Prince’s Journey To Uganda
Like most of the refugees in Kyaka II Refugee settlement, Prince was born and raised in the Democratic Republic of Congo (DRC).
“Back home I was a journalist; this can be a very dangerous job in the DRC. It is the reason my parents are gone; I don’t know where they are. One day I returned home, and they were nowhere to be found. I kept out hope for their return, but they did not,” he explains in proper English. “I was travelling back home from work with my colleagues when we were ambushed by armed soldiers along the road. They had no uniforms but many guns,” he describes the events of some months ago with a shaking voice.

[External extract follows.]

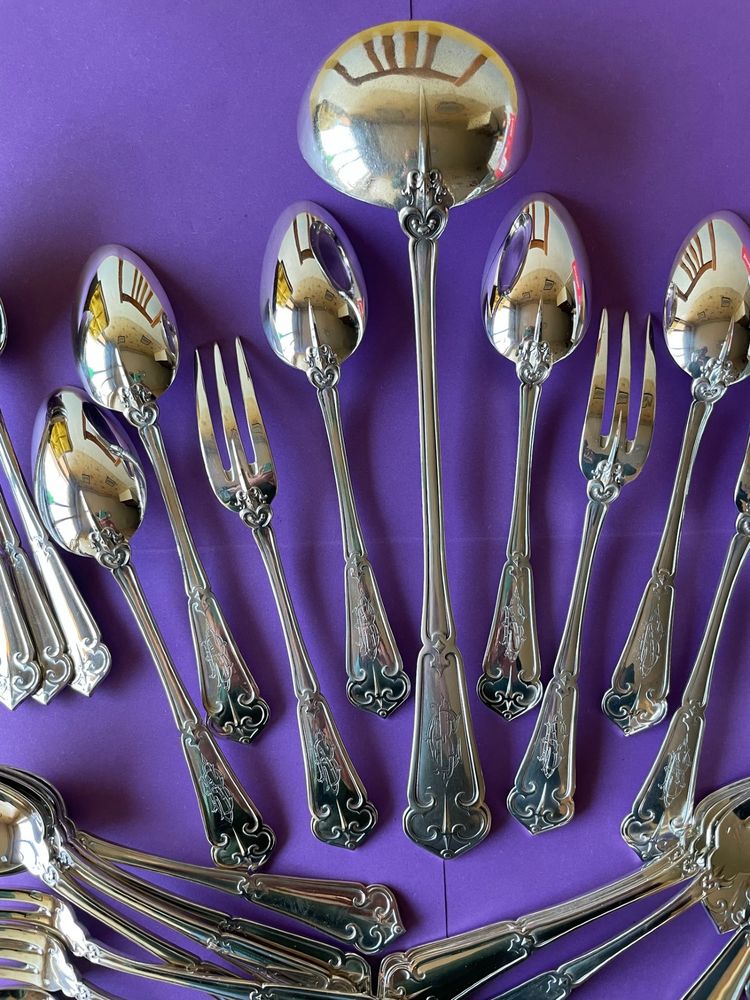 49-piece household set.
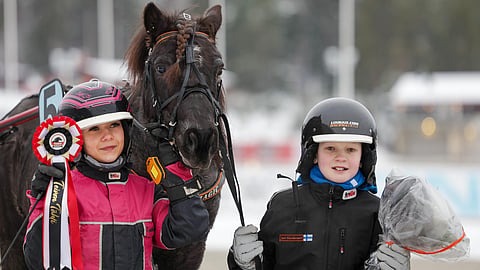Specific’s Magic Senja Kopalaisen ja Jaro Hankavuoren kanssa joulukuussa 2024 Teivon valloittajina.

Prince has found refuge in Kyakya II only recently. His way to finding safety and security was not one without hurdles. “The soldiers brought me to a forest, tied my wrists and ankles to a chair, and left me there to slowly die,” he goes on. “After some long hours I realized the ropes around my wrists got loose, I managed to liberate my hands and then untie my feet. Afterwards the journey started,” Prince says.
It took him about two weeks of walking through the bush, eating grass and fruits he could find on trees, in order to reach Nyakabande transit centre in Kisoro district, Uganda. From there he was relocated to Kyakya II refugee settlement by Ugandan authorities. It took Prince about two weeks - walking through the bush, eating grass and fruits he could find on trees - to reach Nyakabande transit centre in Kisoro District, Uganda. “I walked barefoot the whole journey to the refugee settlement. I never knew where exactly I was heading to. I used to sleep in a bush or in caves along the way. I wore the same T-shirt that I am wearing now, it’s the only one I own,” he said, eyes bouncing between fear and sadness. “My trousers got torn along the way. The ones you see me wearing belong to my friend here in the settlement. He might come for them any moment,” he added.

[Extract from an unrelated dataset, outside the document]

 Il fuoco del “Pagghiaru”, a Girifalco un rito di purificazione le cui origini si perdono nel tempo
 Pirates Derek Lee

“Regardless of all that, I am free,” Prince notes with relief, “Here in Kyaka II we are safe. We can move freely around the settlement, even at night. We have access to drinking water and there are proper latrines available. Oxfam is taking care of us here, protecting us and teaching us many things about proper hygiene practices. Men and women are taught about their rights and their duties, which reduces domestic violence. Parents are taught about taking better care of their children.”
“The main problem I find here is lack of jobs, which leaves us dependent only on the government food rations. I could be a driver, a teacher, or a journalist as I used to be. Also, the food rations we receive are quite small; this is because we are so many refugees. I wasn’t like this, you know,” he looks down his slim body. “I used to be bigger than I am now.”

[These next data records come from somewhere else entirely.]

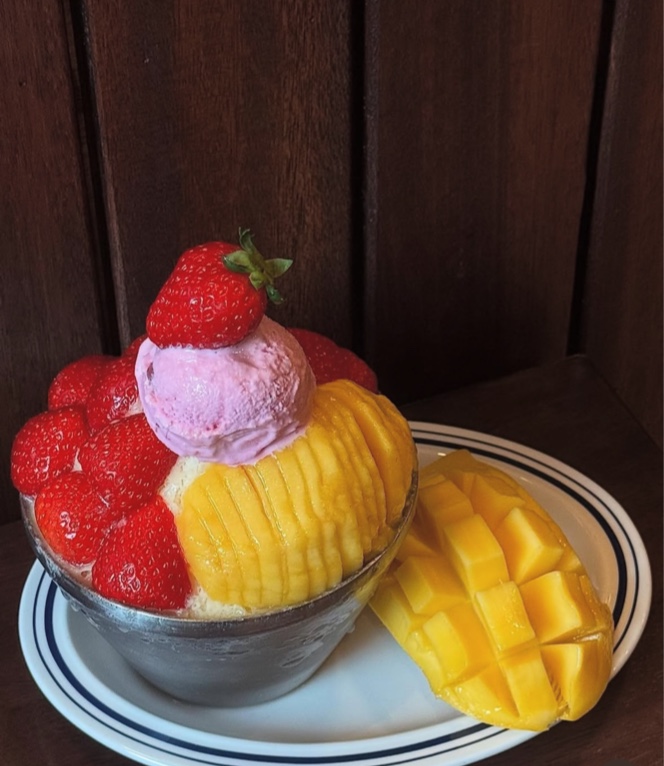 망고반 딸기반 빙수
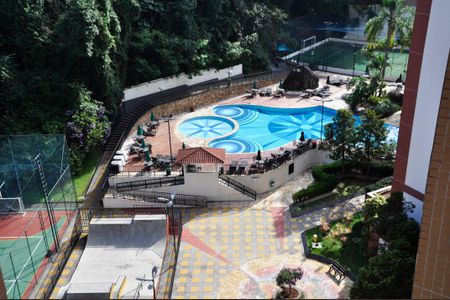 Apartamento à venda com 65m², 2 quartos e 1 vaga Apartamento à venda com 65m², 2 quartos e 1 vagaDetalhe - Vista da Área de Serviço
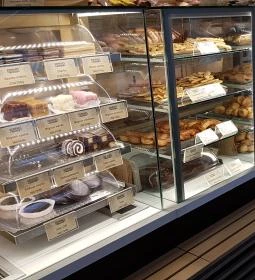 Lipóti Pékség & Kávézó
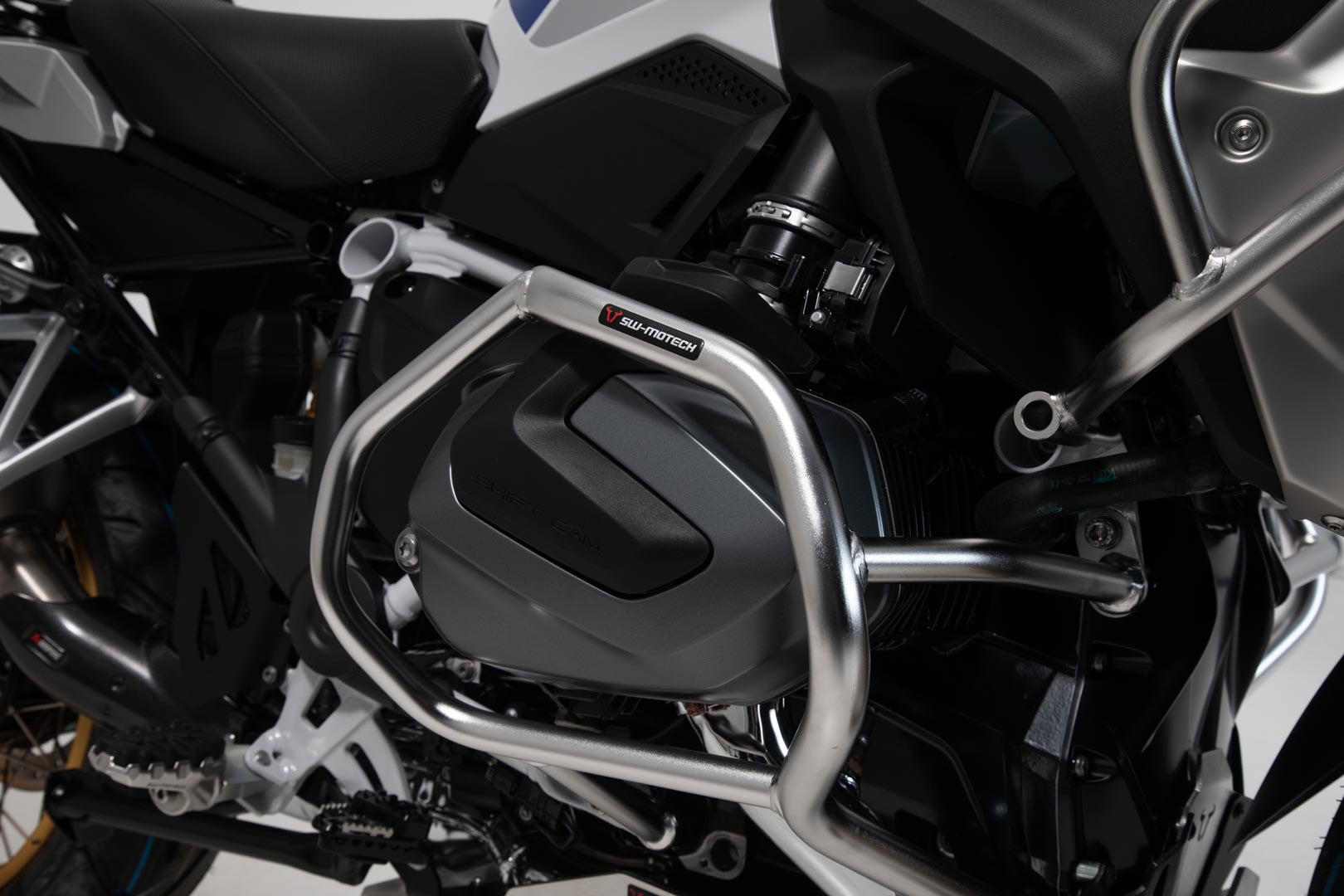 SW-MOTECH Protecciones laterales de motor Acero inoxidable. BMW R1250GS R1250 R/RS (18-).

“All in all, here I got my life back. Now I need a job to live my life in dignity, to be able to support myself… I need one desperately,” his eyes for the first time since we started the conversation filling up with tears.
Since late December 2017, the situation in Kyaka II has dramatically changed, with increasing numbers of new arrivals from DR Congo arriving via border crossings in South Western Uganda and transferring to Kyaka II through Nyakabande transit center. Total refugees in Uganda including DRC refugees and asylum seekers as of 30th June 2018 are at 1,470,981. Of these, 288,766 are DRC refugees and asylum seekers as per the UNHCR updates. Information from the new refugees and aid agencies suggests more may be expected.
The overall response according to the UNHCR July reginal update remains 89% under funded.
Oxfam started its operations in Kyakya II refugee settlement at the end of February 2018, after thousands of refugees flooded into Uganda’s refugee settlements with renewed violence in the DRC.
In Kyakya II, Oxfam is focusing on Water, Sanitation and Hygiene (WASH) projects to reduce public health risks such as cholera outbreaks and typhoid; improving food security and livelihoods; as well as gender and protection activities such as raising awareness about sexual and gender-based violence.